Salt Water Assassin 4" split tail in silver mullet


----------



## minkmaster (Apr 5, 2008)

chaps said:


> I like paddle tail or curly tail grubs


X2 grub will catch anything thats preys on other species.


----------



## Heartbreaker (Jun 30, 2009)

Gulp alive will catch anything hungry


----------



## my3nme (Oct 9, 2007)

Do y'all think the color of the jig head matters?


----------



## reel_dedicated (May 11, 2008)

if you haven't tried gulp flats worm you might ought to.. they are like crack rock to fish.. hard to find.. but will murder flounder and specks... more like a pattle tail grub


----------



## dabutcher (Apr 19, 2008)

Five inch Zoom fluke on a 1/4 or 1/8 ounce jighead. The baby bass color is what I have used mostly in the past but lately I've been having success with other colors. The flukes are also a great bait to use for sight fishing in Big Lagoon. When fishing Big Lagoon I rig the fluke on a 1/8 ounce weedless worm hook.

I can't buy in to the gulp hype. The flukes will catch just as many fish and a bag of 10 is $2.79 vs $5.99 a bag of 5 for the gulps.
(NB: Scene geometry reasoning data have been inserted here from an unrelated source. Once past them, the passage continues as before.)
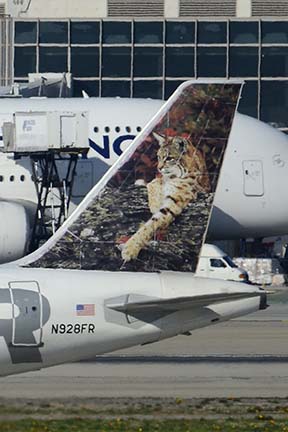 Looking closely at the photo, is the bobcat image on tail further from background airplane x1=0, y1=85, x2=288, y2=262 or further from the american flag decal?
background airplane x1=0, y1=85, x2=288, y2=262

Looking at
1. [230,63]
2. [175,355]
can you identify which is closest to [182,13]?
[230,63]

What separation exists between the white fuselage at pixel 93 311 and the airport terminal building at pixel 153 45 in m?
53.3

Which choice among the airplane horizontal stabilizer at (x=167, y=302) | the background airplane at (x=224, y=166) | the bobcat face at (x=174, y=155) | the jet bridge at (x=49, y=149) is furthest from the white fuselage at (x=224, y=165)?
the airplane horizontal stabilizer at (x=167, y=302)

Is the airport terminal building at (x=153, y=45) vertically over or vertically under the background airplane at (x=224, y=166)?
over

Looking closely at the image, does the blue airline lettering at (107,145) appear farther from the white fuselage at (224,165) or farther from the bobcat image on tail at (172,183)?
the bobcat image on tail at (172,183)

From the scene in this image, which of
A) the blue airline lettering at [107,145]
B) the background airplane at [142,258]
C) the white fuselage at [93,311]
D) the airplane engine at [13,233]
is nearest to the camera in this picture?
the white fuselage at [93,311]

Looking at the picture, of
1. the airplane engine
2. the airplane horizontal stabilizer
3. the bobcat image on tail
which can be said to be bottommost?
the airplane engine

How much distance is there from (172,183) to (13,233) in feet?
57.9

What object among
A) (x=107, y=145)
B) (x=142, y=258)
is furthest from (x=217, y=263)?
Answer: (x=142, y=258)

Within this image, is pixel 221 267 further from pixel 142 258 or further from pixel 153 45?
pixel 142 258

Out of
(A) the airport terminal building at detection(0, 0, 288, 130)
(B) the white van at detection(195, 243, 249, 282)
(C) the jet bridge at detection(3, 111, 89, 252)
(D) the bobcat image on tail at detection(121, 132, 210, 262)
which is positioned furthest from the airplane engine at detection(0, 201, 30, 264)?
(A) the airport terminal building at detection(0, 0, 288, 130)

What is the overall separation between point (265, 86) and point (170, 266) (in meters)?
54.1

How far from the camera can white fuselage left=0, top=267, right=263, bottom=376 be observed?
77.1ft

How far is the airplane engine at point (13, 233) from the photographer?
41.4 metres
The fluke are also more durable than the gulps.


----------



## Pompano Joe (Jan 28, 2009)

Salt Water Assassin 4" paddle tail in "Opening Night". My #1 Spec bait.


----------



## Boat-Dude (Sep 24, 2011)

Ly!!!


----------



## reeladdiction92 (Feb 13, 2010)

I really like DOA CAL baits


----------